Following implementation of Secure Communities in 2008 [18], any time a state or local law enforcement officer makes a criminal arrest, the Department of Homeland Security (DHS) receives fingerprint and biometrics data for the arrestee [14]. Where the arrestee is a noncitizen, DHS may issue an immigration detainer or place an immigration hold resulting in detention for up to 48 h, during which time the arrestee is transferred to DHS custody to await issuance of an NTA [14,19].
There are currently at least 3,000 Secure Communities jurisdictions and ICE has announced plans to include all jurisdictions by the end of 2013 [14]. 4 Unlike 287(g) agreements, whereby local law enforcement agents are deputized to enforce immigration law, Secure Communities does not explicitly authorize sub-federal enforcement of immigration law. Nevertheless, Secure Communities facilitates sub-federal enforcement of immigration law by sharing information with DHS each time an individual is arrested [20]. 5 The initial arrest may also result in commencement of removal proceedings.
Instead of deputizing local law enforcement agents to enforce immigration law, Secure Communities requires local law enforcement agents to send fingerprint and biometric data of all arrestees to DHS via the FBI, who then checks the information against its own database–the Automated Biometric Identification System or “IDENT” [20]. IDENT however does not necessarily give a black or white answer concerning a noncitizen’s status, in large part because determination of status requires a sophisticated application and understanding of immigration law to an individual’s unique factual situation [21].
When there is a match with the IDENT database, further investigation is conducted, and then the local ICE Enforcement and Removal (“ERO”) officers may issue a detainer authorizing a 48-h ICE hold in order for ICE to obtain custody and initiate removal proceedings [20]. Unlike 287(g) agreements, Secure Communities does not authorize local agents to access DHS databases, issue ICE detainers, or issue NTAs.

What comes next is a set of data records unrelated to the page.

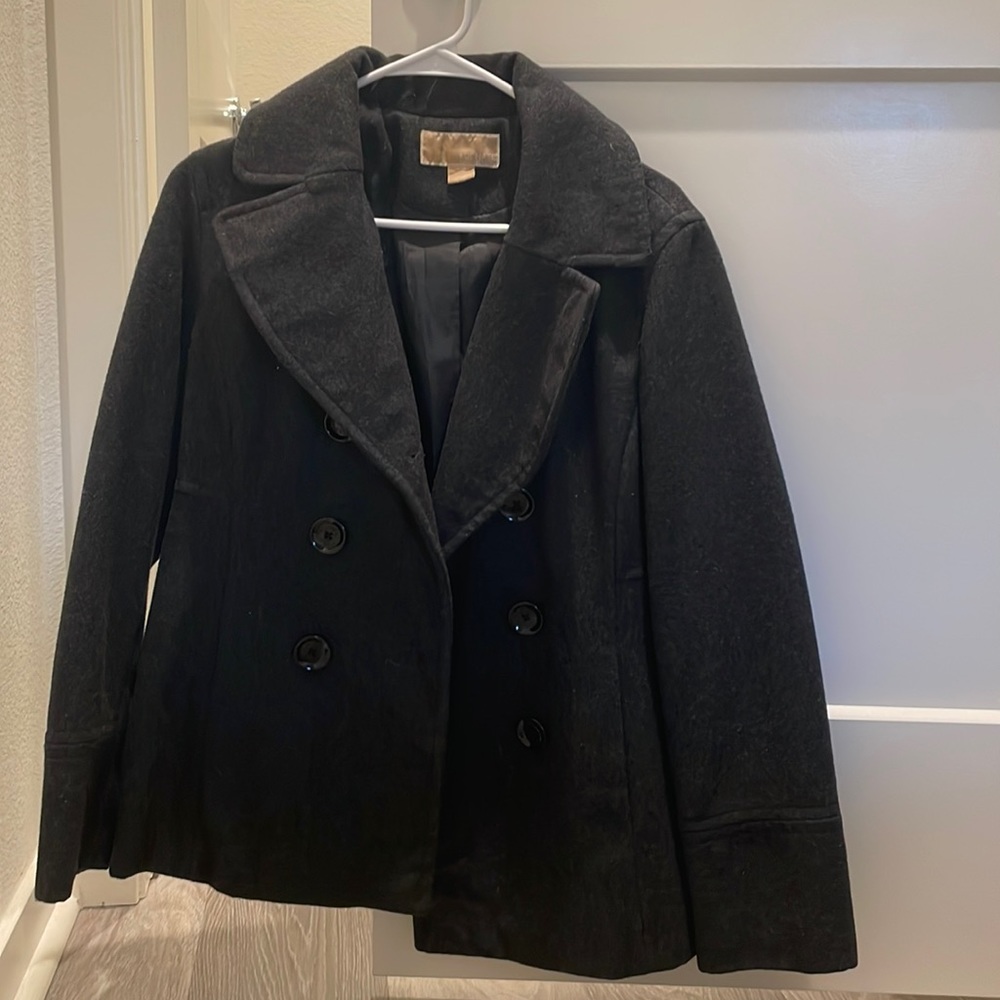 Dark gray double breast wool blend pea coat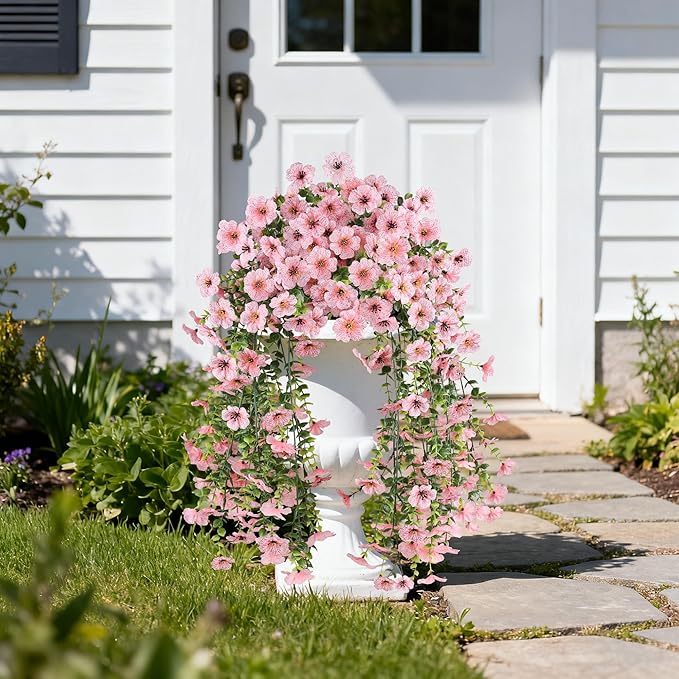 Artificial Hanging Flowers for Outdoors, UV Resistant 2PCS Fake Silk Flowers for Outside, Realistic Faux Plants for Hanging Baskets, Planters - Porch, Patio, Yard Décor (Pink)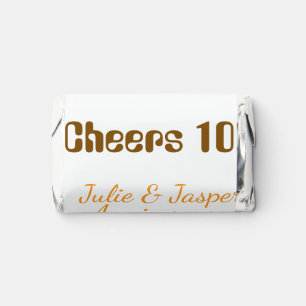 Cheers to 10th wedding anniversary brown orange hershey's miniatures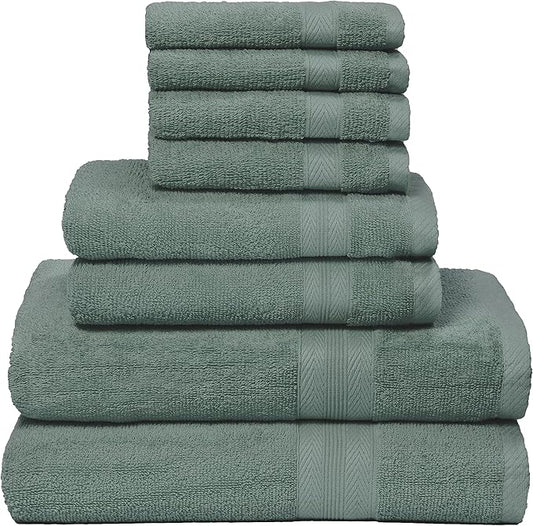 BOUTIQUO 8 Piece Towel Set 100% Ring Spun Cotton, 2 Bath Towels 27X54, 2 Hand Towels 16X28 and 4 Washcloths 13X13 - Ultra Soft Highly Absorbent Machine Washable Hotel Spa Quality - Jade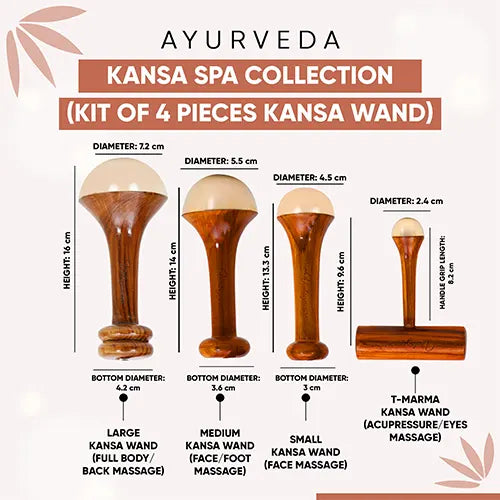 Casaveda Kansa Spa Collection Kit Of 4 Pieces Kansa Wand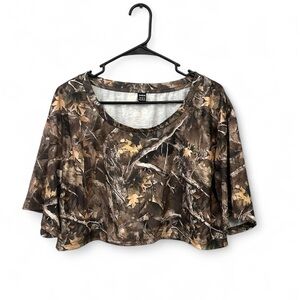 SHEIN Brown Camouflage Crop Top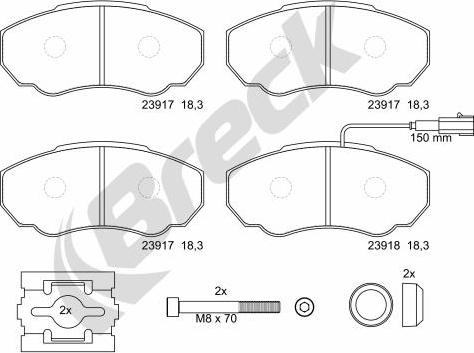 Breck 23917 00 703 10 - Тормозные колодки, дисковые, комплект autosila-amz.com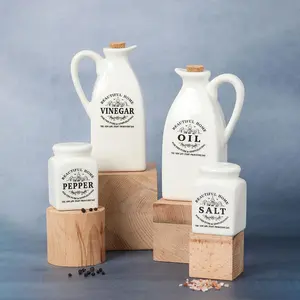 Ceramic Oil Vinegar Salt Pepper Bottles Set - Rustic Style Spice Containers for Kitchen Dining Table Home Decor Ideal for Gifting and Decoration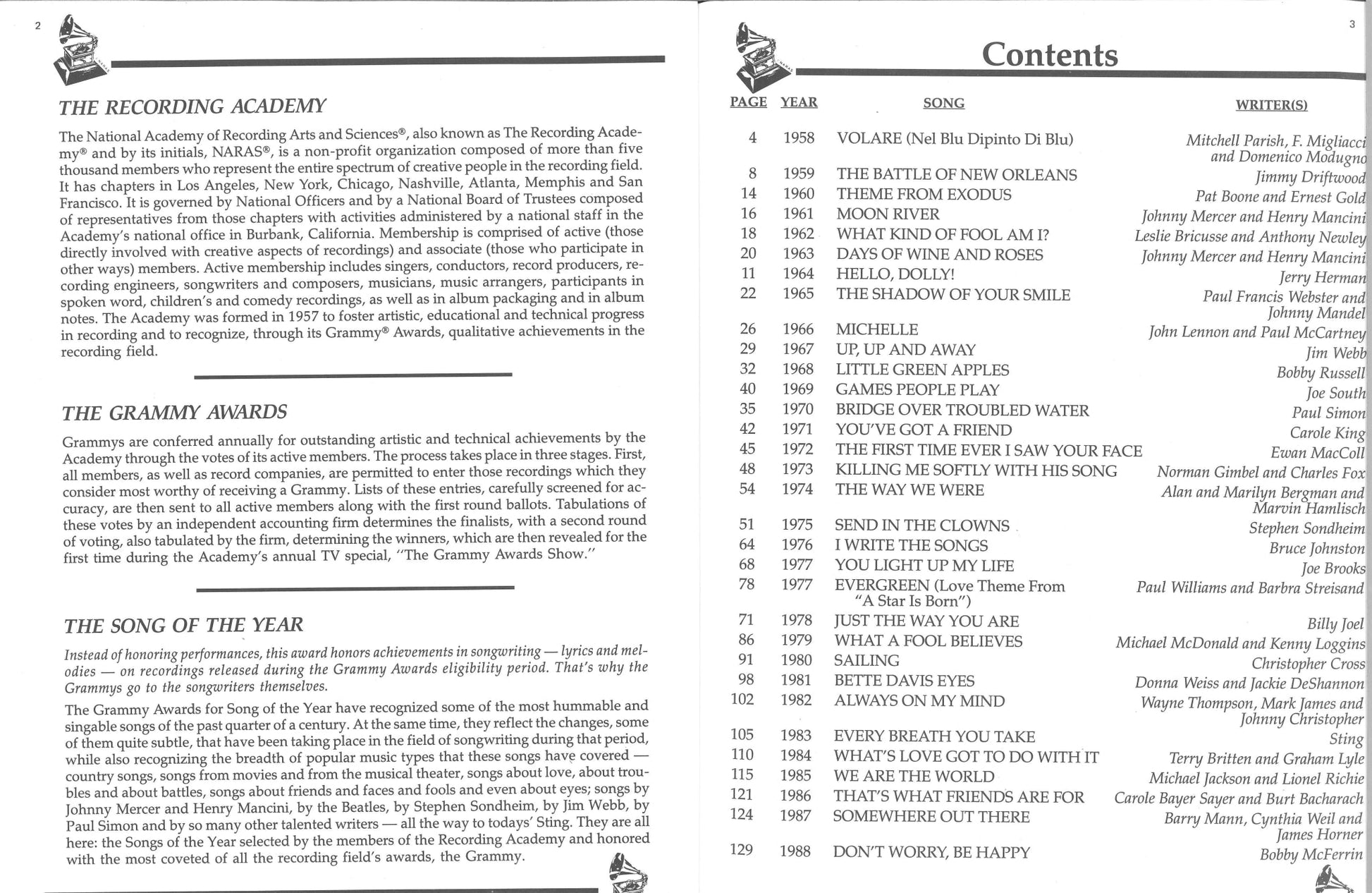 The New Grammy® Awards Song of The Year (1958-1988) The National Academy of Recording Arts and Sciences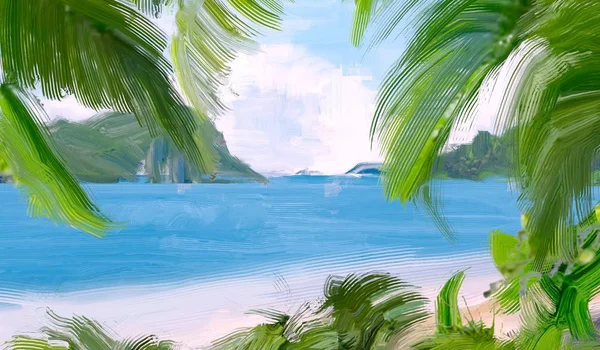 Abstrait Créatif Tropical Paysage Huile Image — Photo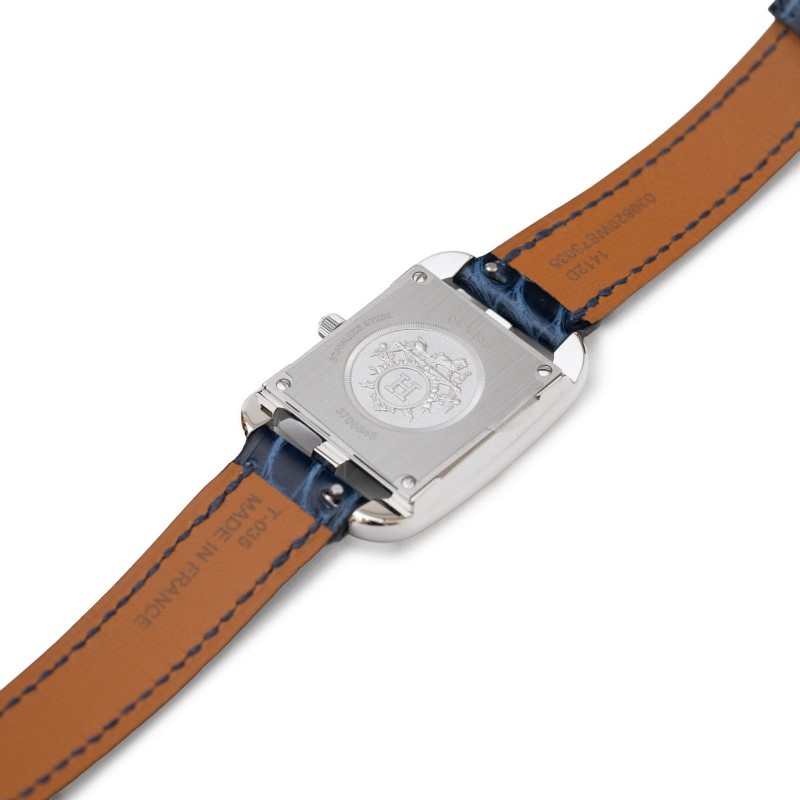 全新 Hermès CAPE COD watch Small mode 31mm 藍寶石色 方塊鱷魚天然皮革錶帶-3
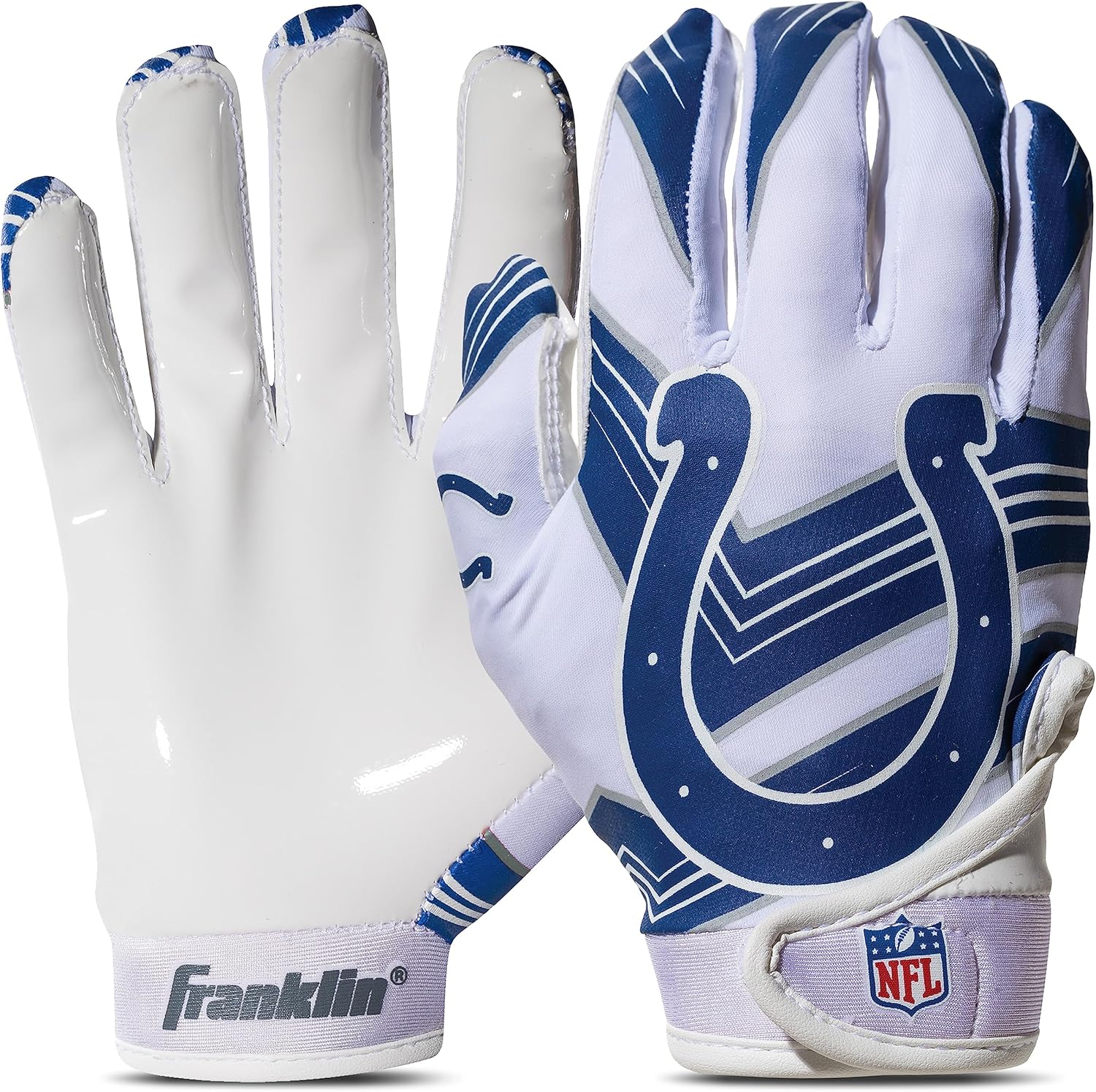 Franklin Sports Youth NFL Football Receiver Gloves - Kids Football Gloves Pair - NFL Team Logos and Silicone Palm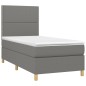Letto a Molle Materasso e LED Grigio Scuro 100x200cm in Tessuto Letto a Molle Materasso e LED Grigio Scuro 100x200cm in Tessuto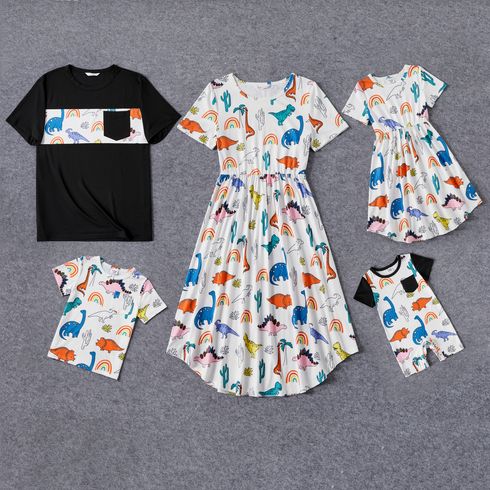 Family Matching Allover Colorful Dinosaur Print Dresses and Short-sleeve T-shirts Sets
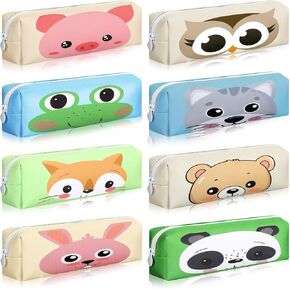 8 Pcs Cartoon Pencil Case Pouch for Boys Girl Cute PU Leather Cartoon Zipper Pencil Pouch Animal Frog Owl Bear Pen Bag Kawaii Stationery Holder Cosmetic Organizer Students Classroom School Gift award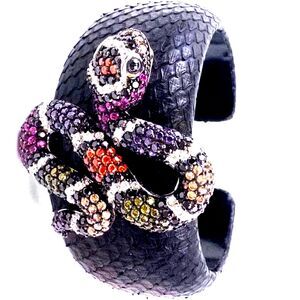 Exotic Snake leather bracelet Giani Bernini micro pave CZ crystals signed g.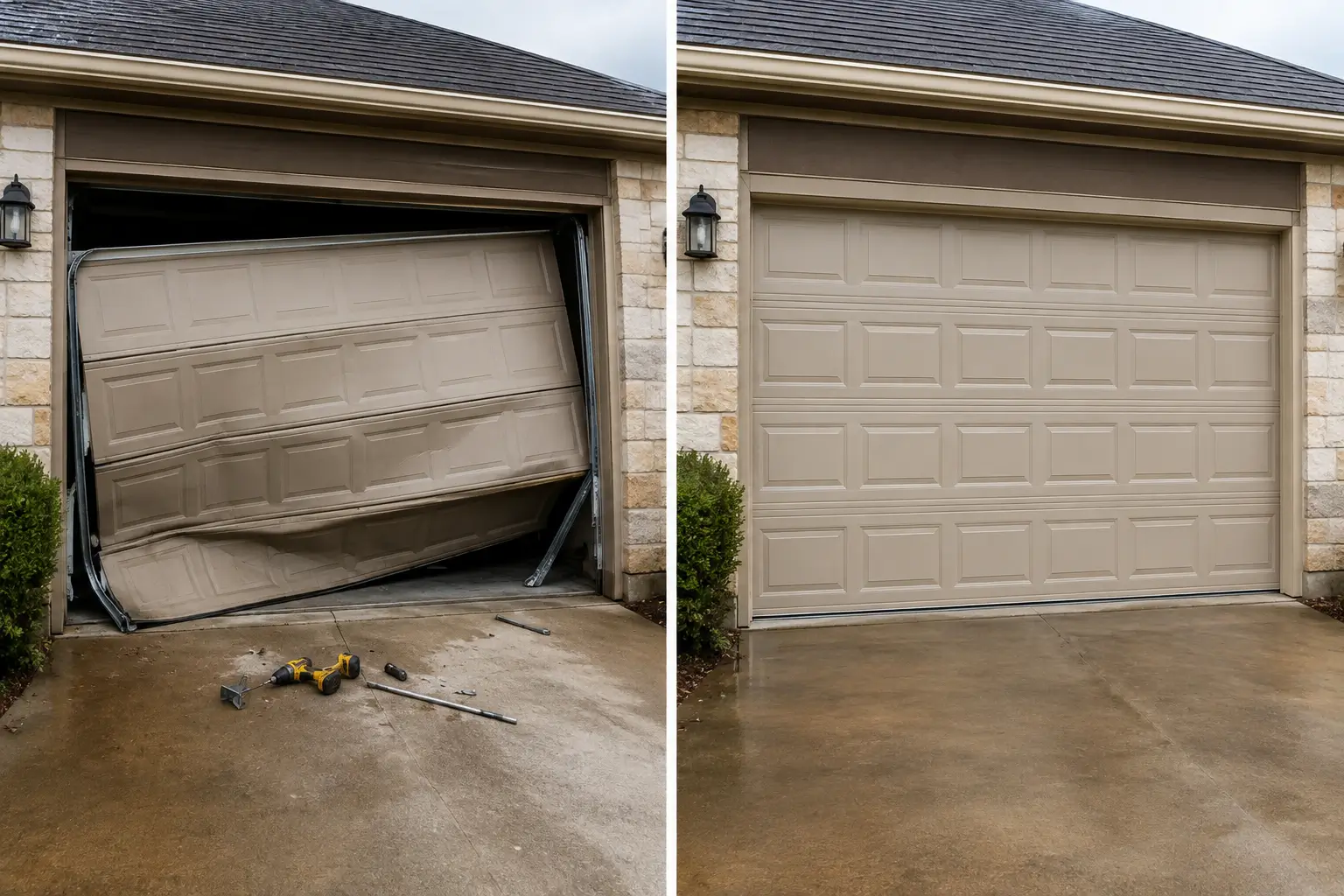 Emergency garage door before and after professional repair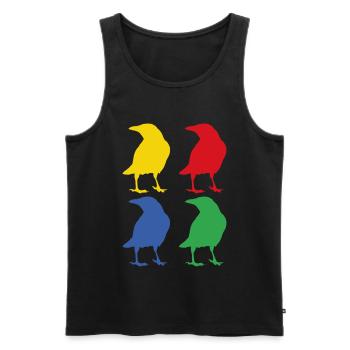 Crow animal raven - Men's Premium Organic Tank Top - black - Front - AI Model Male 178 light (178cm)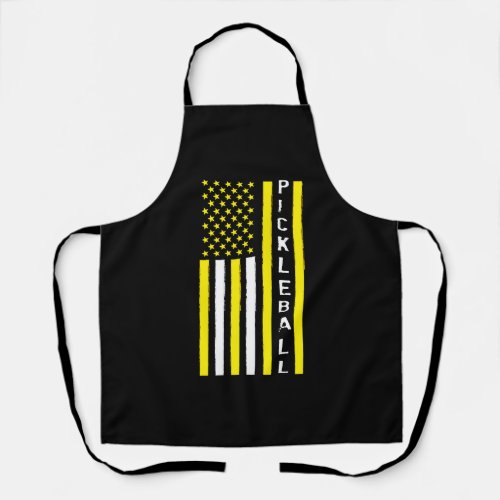 Patriotic Pickleball Sport USA American Flag Apron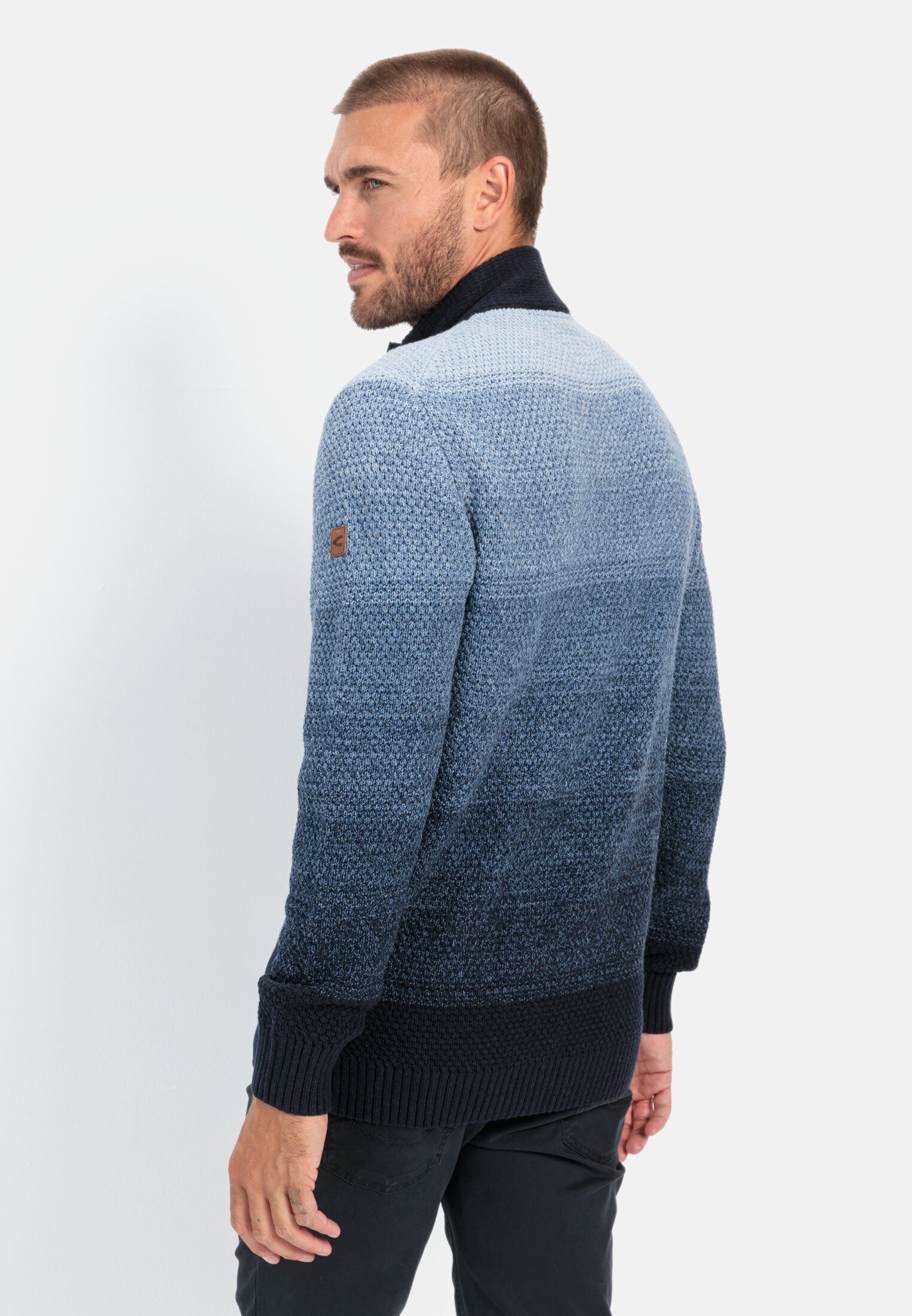 camel active Cardigan mit verdecktem Reißverschluss Langarm Markenlogo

2.3. Implications of 287(g) and Secure Communities

Once data is shared with ICE pursuant to Secure Communities initiation of removal proceedings is increasingly likely for unauthorized migrants because grounds of removability have drastically expanded over the past two decades [11,22]. DHS has indicated that the goal of Secure Communities is to target noncitizens with convictions for serious or violent crimes deemed to pose a threat to the community or national security [20,23] or the “most dangerous and violent” [24]. There are indications, however, that Secure Communities has resulted in arrests for minor alleged criminal and traffic violations [25,26]. Critics suggest that Secure Communities has resulted in initiation of removal proceedings against significant numbers of unauthorized migrants who are not dangerous or serious criminals [27,28,29]. Moreover, local law enforcement agents have stated that it interferes with legitimate law enforcement goals [30,31]. Additionally, there are indications that in some jurisdictions lacking 287(g) agreements, sub-federal agents have cooperated with ICE in enforcing immigration law by checking the immigration status of individuals detained for nonimmigrant infractions [32].
By their nature and design, 287(g) agreements and Secure Communities empower sub-federal agents to participate in identifying potentially unauthorized migrants. Because an arrest under Secure Communities automatically exposes any arrestee to the possibility of identification by federal immigration authorities [33], it could incentivize some state and local law enforcement agents to use criminal law violations as a pretext to enforce immigration law [34]. Sub-federal agents have significant power in this crimmigration equation, in large part because of their discretion to make arrests.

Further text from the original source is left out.